[Stored dataset items]
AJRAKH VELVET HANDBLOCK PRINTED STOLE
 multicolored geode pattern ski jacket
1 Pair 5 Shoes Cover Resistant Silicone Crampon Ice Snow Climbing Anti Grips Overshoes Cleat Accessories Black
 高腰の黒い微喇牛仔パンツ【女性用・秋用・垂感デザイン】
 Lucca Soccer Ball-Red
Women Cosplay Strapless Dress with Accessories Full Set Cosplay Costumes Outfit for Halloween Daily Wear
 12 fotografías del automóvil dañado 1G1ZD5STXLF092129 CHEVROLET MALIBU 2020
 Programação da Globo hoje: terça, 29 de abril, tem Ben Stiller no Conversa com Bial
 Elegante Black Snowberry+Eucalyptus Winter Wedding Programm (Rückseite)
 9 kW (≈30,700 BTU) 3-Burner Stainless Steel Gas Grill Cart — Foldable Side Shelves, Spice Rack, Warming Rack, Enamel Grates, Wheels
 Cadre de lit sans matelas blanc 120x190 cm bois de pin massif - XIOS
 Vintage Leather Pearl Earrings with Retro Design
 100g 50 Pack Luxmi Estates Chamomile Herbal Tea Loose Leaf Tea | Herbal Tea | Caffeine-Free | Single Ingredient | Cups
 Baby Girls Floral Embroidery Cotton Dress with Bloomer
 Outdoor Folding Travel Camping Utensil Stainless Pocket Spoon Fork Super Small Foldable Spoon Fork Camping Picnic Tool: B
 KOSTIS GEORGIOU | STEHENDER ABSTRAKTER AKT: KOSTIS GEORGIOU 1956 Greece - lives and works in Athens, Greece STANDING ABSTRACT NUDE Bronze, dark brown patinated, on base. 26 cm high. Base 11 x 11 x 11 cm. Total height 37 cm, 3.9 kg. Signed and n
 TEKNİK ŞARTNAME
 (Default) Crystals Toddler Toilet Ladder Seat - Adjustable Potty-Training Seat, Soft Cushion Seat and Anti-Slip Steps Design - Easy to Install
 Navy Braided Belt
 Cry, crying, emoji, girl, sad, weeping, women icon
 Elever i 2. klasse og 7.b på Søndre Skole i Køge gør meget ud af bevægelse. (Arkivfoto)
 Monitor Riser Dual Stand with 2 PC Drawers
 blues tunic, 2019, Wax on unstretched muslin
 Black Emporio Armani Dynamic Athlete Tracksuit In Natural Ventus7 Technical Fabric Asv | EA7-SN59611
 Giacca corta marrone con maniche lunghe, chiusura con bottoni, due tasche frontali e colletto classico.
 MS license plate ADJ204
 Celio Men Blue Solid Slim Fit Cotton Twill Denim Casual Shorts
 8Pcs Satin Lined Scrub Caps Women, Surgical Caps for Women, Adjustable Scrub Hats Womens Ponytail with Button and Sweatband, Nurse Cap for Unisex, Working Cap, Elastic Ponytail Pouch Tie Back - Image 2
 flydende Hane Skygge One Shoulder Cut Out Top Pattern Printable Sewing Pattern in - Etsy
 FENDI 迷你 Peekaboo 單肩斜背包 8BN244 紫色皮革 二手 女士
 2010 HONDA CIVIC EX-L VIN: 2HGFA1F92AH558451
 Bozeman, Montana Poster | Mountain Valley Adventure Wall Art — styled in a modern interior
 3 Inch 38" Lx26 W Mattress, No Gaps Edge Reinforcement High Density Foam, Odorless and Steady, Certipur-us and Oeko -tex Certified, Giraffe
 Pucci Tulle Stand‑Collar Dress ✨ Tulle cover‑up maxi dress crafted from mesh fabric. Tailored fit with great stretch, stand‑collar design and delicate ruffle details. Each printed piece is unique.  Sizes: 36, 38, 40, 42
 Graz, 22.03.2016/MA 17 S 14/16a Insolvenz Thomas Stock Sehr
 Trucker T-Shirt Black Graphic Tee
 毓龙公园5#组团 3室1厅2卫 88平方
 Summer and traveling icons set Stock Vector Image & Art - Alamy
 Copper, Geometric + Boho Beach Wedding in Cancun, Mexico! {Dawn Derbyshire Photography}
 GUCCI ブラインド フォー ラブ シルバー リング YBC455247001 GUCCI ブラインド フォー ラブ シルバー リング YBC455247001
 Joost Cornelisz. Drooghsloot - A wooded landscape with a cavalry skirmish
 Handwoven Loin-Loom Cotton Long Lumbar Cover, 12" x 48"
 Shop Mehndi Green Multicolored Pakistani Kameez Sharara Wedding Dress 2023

- **What you will do**:
Output the records in full, exactly.

- **Solution for this task**:
AJRAKH VELVET HANDBLOCK PRINTED STOLE
 multicolored geode pattern ski jacket
1 Pair 5 Shoes Cover Resistant Silicone Crampon Ice Snow Climbing Anti Grips Overshoes Cleat Accessories Black
 高腰の黒い微喇牛仔パンツ【女性用・秋用・垂感デザイン】
 Lucca Soccer Ball-Red
Women Cosplay Strapless Dress with Accessories Full Set Cosplay Costumes Outfit for Halloween Daily Wear
 12 fotografías del automóvil dañado 1G1ZD5STXLF092129 CHEVROLET MALIBU 2020
 Programação da Globo hoje: terça, 29 de abril, tem Ben Stiller no Conversa com Bial
 Elegante Black Snowberry+Eucalyptus Winter Wedding Programm (Rückseite)
 9 kW (≈30,700 BTU) 3-Burner Stainless Steel Gas Grill Cart — Foldable Side Shelves, Spice Rack, Warming Rack, Enamel Grates, Wheels
 Cadre de lit sans matelas blanc 120x190 cm bois de pin massif - XIOS
 Vintage Leather Pearl Earrings with Retro Design
 100g 50 Pack Luxmi Estates Chamomile Herbal Tea Loose Leaf Tea | Herbal Tea | Caffeine-Free | Single Ingredient | Cups
 Baby Girls Floral Embroidery Cotton Dress with Bloomer
 Outdoor Folding Travel Camping Utensil Stainless Pocket Spoon Fork Super Small Foldable Spoon Fork Camping Picnic Tool: B
 KOSTIS GEORGIOU | STEHENDER ABSTRAKTER AKT: KOSTIS GEORGIOU 1956 Greece - lives and works in Athens, Greece STANDING ABSTRACT NUDE Bronze, dark brown patinated, on base. 26 cm high. Base 11 x 11 x 11 cm. Total height 37 cm, 3.9 kg. Signed and n
 TEKNİK ŞARTNAME
 (Default) Crystals Toddler Toilet Ladder Seat - Adjustable Potty-Training Seat, Soft Cushion Seat and Anti-Slip Steps Design - Easy to Install
 Navy Braided Belt
 Cry, crying, emoji, girl, sad, weeping, women icon
 Elever i 2. klasse og 7.b på Søndre Skole i Køge gør meget ud af bevægelse. (Arkivfoto)
 Monitor Riser Dual Stand with 2 PC Drawers
 blues tunic, 2019, Wax on unstretched muslin
 Black Emporio Armani Dynamic Athlete Tracksuit In Natural Ventus7 Technical Fabric Asv | EA7-SN59611
 Giacca corta marrone con maniche lunghe, chiusura con bottoni, due tasche frontali e colletto classico.
 MS license plate ADJ204
 Celio Men Blue Solid Slim Fit Cotton Twill Denim Casual Shorts
 8Pcs Satin Lined Scrub Caps Women, Surgical Caps for Women, Adjustable Scrub Hats Womens Ponytail with Button and Sweatband, Nurse Cap for Unisex, Working Cap, Elastic Ponytail Pouch Tie Back - Image 2
 flydende Hane Skygge One Shoulder Cut Out Top Pattern Printable Sewing Pattern in - Etsy
 FENDI 迷你 Peekaboo 單肩斜背包 8BN244 紫色皮革 二手 女士
 2010 HONDA CIVIC EX-L VIN: 2HGFA1F92AH558451
 Bozeman, Montana Poster | Mountain Valley Adventure Wall Art — styled in a modern interior
 3 Inch 38" Lx26 W Mattress, No Gaps Edge Reinforcement High Density Foam, Odorless and Steady, Certipur-us and Oeko -tex Certified, Giraffe
 Pucci Tulle Stand‑Collar Dress ✨ Tulle cover‑up maxi dress crafted from mesh fabric. Tailored fit with great stretch, stand‑collar design and delicate ruffle details. Each printed piece is unique.  Sizes: 36, 38, 40, 42
 Graz, 22.03.2016/MA 17 S 14/16a Insolvenz Thomas Stock Sehr
 Trucker T-Shirt Black Graphic Tee
 毓龙公园5#组团 3室1厅2卫 88平方
 Summer and traveling icons set Stock Vector Image & Art - Alamy
 Copper, Geometric + Boho Beach Wedding in Cancun, Mexico! {Dawn Derbyshire Photography}
 GUCCI ブラインド フォー ラブ シルバー リング YBC455247001 GUCCI ブラインド フォー ラブ シルバー リング YBC455247001
 Joost Cornelisz. Drooghsloot - A wooded landscape with a cavalry skirmish
 Handwoven Loin-Loom Cotton Long Lumbar Cover, 12" x 48"
 Shop Mehndi Green Multicolored Pakistani Kameez Sharara Wedding Dress 2023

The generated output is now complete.